40 KB swings (53/40)
40 sit ups
40 push ups
BUT MAKE SURE YOU GO BELOW PARALLEL FOR BETTER TRAINING EFFECT PLUS ITS A LOT HARDER !
FRONT SQUAT, BACK SQUAT, OVERHEAD SQUAT AND DEAD LIFTS
Because heavy-load squats and dead lifts incorporate more muscle groups compared to any other weight bearing exercise, they are the most effective overall exercises for stimulating changes in one’s body composition. The entire body participates in the stabilization required for the movement. We don’t perform these exercises sitting down, laying down or leaning up against something that helps to provide support. This translates to the “real world” and drives the intensity up geometrically, therefore, creating the greatest hormonal response (Neuroendocrine and Hemostatic Response).
The Front Squat is a quad-dominant movement and also incorporates the hip extension. Additionally, It works the abs and front deltoids hard, since it requires to keep the torso upright and in the correct posture. We use the clean grip when doing the Front Squats since it translates well to our other favorite exercises (i.e., Power Clean, Squat Clean and the Overhead Press). If holding the bar with your hands while it rests on your shoulders is a challenge, don’t give up, it will come. The more you practice front squats, the more flexible you become. Areas you should work to to increase your flexibility are the ankles, knees, back, shoulders, arms and wrists.
The Back Squat is a hip-dominant movement, wherein you also work the abs hard as you extend the back and torso to achieve correct posture. A lot of “glute” work is also involved with the Back Squat.
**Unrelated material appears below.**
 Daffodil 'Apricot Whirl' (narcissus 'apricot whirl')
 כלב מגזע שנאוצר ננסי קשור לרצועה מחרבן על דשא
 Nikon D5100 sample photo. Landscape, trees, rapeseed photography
Both high-bar and low-bar methods will work, but the low-bar method requires more flexibility on the part of the upper body than the high-bar method. Also, the low-bar method requires a lot stronger core due to the range of motion required on the torso extension during the movement.
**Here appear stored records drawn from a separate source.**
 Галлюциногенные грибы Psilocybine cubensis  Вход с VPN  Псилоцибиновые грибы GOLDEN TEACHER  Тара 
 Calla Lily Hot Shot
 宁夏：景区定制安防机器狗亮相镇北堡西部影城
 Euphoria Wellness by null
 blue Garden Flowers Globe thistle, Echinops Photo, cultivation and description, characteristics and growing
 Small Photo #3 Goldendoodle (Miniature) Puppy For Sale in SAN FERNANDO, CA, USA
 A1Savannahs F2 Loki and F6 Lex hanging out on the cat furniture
The Overhead Squat is the most difficult of all of the squat variations. Like Coach Jim says, “if your regular squat sucks, your overhead squat will suck even more!” I also like an excerpt that I found from Dan John’s article, “If you teach a young athlete to overhead squat, the back squat and the front squat are a breeze. You don’t even coach it, they pick it up by simply watching the kid before them.” The overhead squat is the ultimate abs/core exercise.
The Dead Lift is the most feared lift of all. But executed with proper form, this lift strengthens the back, legs and grip. If you feel like you need straps because you grip is weak, just dead lift more to strengthen your grip. Also, the use of alternating grip and/or chalk will help. The dead lift is also a transferable skill; it is the basis of most of our olympic weight lifting movements.
So, which lift is the best of all? All of the above. They are all incorporated in our program (both Strength and MetCons or Metabolic Conditioning WODs).